It is no secret that engineering is currently one of the top ranked jobs in the world today. An engineering degree is respected, admired, and well-known for providing job security and a level of comfortable, lucrative living. Yet engineering is meant to be so much more than merely a fancy job title. The hours spent burning the midnight oil studying difficult course material over the years, the late nights spent struggling through seemingly impossible problem sets, and the energy poured into lab time creating and designing inventive projects are not about reaching the end goal of merely becoming an engineer, but about what one chooses to do with this engineering knowledge once they achieve the title. Being an engineer means having the skill-set and creativity to recognize and solve problems, so along with this gift comes the necessary duty of using this power for the betterment of society. Engineers, in essence, possess all the tools needed to do amazing things, and are challenged therefore to be game-changers. While indeed fun, engineering should not be a self-centric endeavor. There are tremendous gaps in human advancement worldwide – lack of sanitation and clean drinking water, unsafe structural buildings, disease, and pollution are just a few examples of the countless grave problems facing our world. Engineers are special in that we are not only capable of seeing these issues, but of fixing them by pinpointing a need and designing a solution.
One of my favorite things about being in Biomedical Engineering is witnessing the tangible effects of biomedical devices on the lives of so many patients. The trans-catheter heart valve designed by Edwards LifeSciences, for example, serves thousands around the world and is revolutionary in providing non-invasive surgery to replace failing heart tissue. Ideas literally seem to leap from the page; an idea one day only a blueprint can become a life-saving miracle the next. It is also exciting to see the way engineering disciplines come together to create working solutions, which is seen in projects like the one conducted by an incredible group called Enabling the Future that has released several software files for basic 3D-printable prosthetic hands. In collaboration with the Global Medical Trainer’s chapter at USC, the 3D4E Printing Club here on campus has championed this cause, commissioning students to print the parts for these hands, which have now been assembled and distributed around the world to people in Haiti, Syria, and Panama. We even had the opportunity to work with the local Los Angeles Children’s Hospital. This semester I have been enormously blessed to work with five-year-old Tchwin Tchwin, a disabled child born with a stunted hand. After taking his measurements and meeting with his family, I have worked to 3D print a prosthetic hand to match his proportions, which will provide him with improved mobility in his stunted left hand. It is mind-blowing to think that a 3D printer, which we often use in the lab to print neat designs recreationally, can make a device that will drastically improve a child’s quality of life. We needed only see the smile on Tchwin Tchwin’s face when he saw the parts for his new hand to know that we were making a powerful difference in his life.
As an engineer, it is hugely important to get out in the world and see the need firsthand. Over Spring Break, I had the opportunity to travel to Riobamba, Ecuador where I worked in a Medlife mobile clinic. The cities of Ecuador much resemble other South American gems, rich in culture, delicious food, and general gaiety. Upon leaving the city limits, however, it becomes clear that the relative comfort of the city is merely an illusion. Our ramshackle tour bus made the perilous trek into the Andean foothills, where our USC team provided medical care in the local communities of La Merced and San Bernardo. We helped with equipment set up, assisted the local Medlife doctors, and spent time working with countless patients.
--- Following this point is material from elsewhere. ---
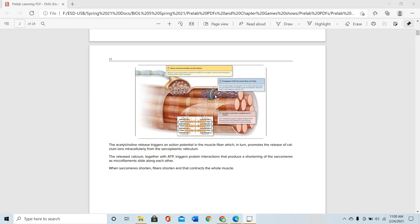Muscle needs the action potential from the motor neuron, ATP, and calcium to contract. Once the action potential comes, the neurotransmitter acetylcholine is released at the neuromuscular junction, which depolarizes the plasma membrane. The plasma membrane invaginates and goes in and around the myofibrils as T-tubules, taking the impulse inside the cell. The T-tubules are linked to the sarcoplasmic reticulum, which opens its door to release and flood calcium inside the myofibrils.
The people we met astounded, grieved, blessed, and humbled us all at the same time. Walking miles through the biting cold to reach our small clinic, dozens of locals arrived throughout each day, wearing bright traditional clothing and shoes worn completely through the soles, if they even had shoes at all. The elderly hobbled in painstaking slowness, carrying chronic diseases like severe arthritis, urinary and fungal infections, and bronchitis that they had been harboring for decades but for which they had never been able to afford treatment. The women were burdened with several kinds of vaginal infections, and many also showed signs of cervical cancer. Filthy drinking water, the absence of proper waste disposal, and lack of general sanitation, including lack of toilet paper in most cases, contributed to a wide range of medical complications often developed from a young age. The medications we had available were relatively simple; we had only general antibiotics, anti-inflammatories, and various minor remedies to treat parasites, diarrhea, and different types of pain. Most of the people we met with had never even seen ibuprofen before. It baffled me how a medication so simple, one we take in America on a weekly basis, was so novel and powerful in these communities. Incredibly, this small community in Ecuador is only a glimpse of the greater need around the world. The amazing thing is that we need not even look past our own country, or even our own city, to see this glaring need for engineering advancement.
Ultimately I believe engineering is about more than just math or science or a good career. It is worth the difficult road it takes to get there because becoming an engineer means having the opportunity to make an extraordinary difference while having a lot of fun doing so. Every engineer has the potential to be involved in designing something that can radically improve our world in small or large ways. We need only the courage to get off the bench and jump in the game to give it all we’ve got. Choosing engineering means choosing to be presented with the challenge of doing something phenomenal. So now we have to ask ourselves: are we up for the challenge?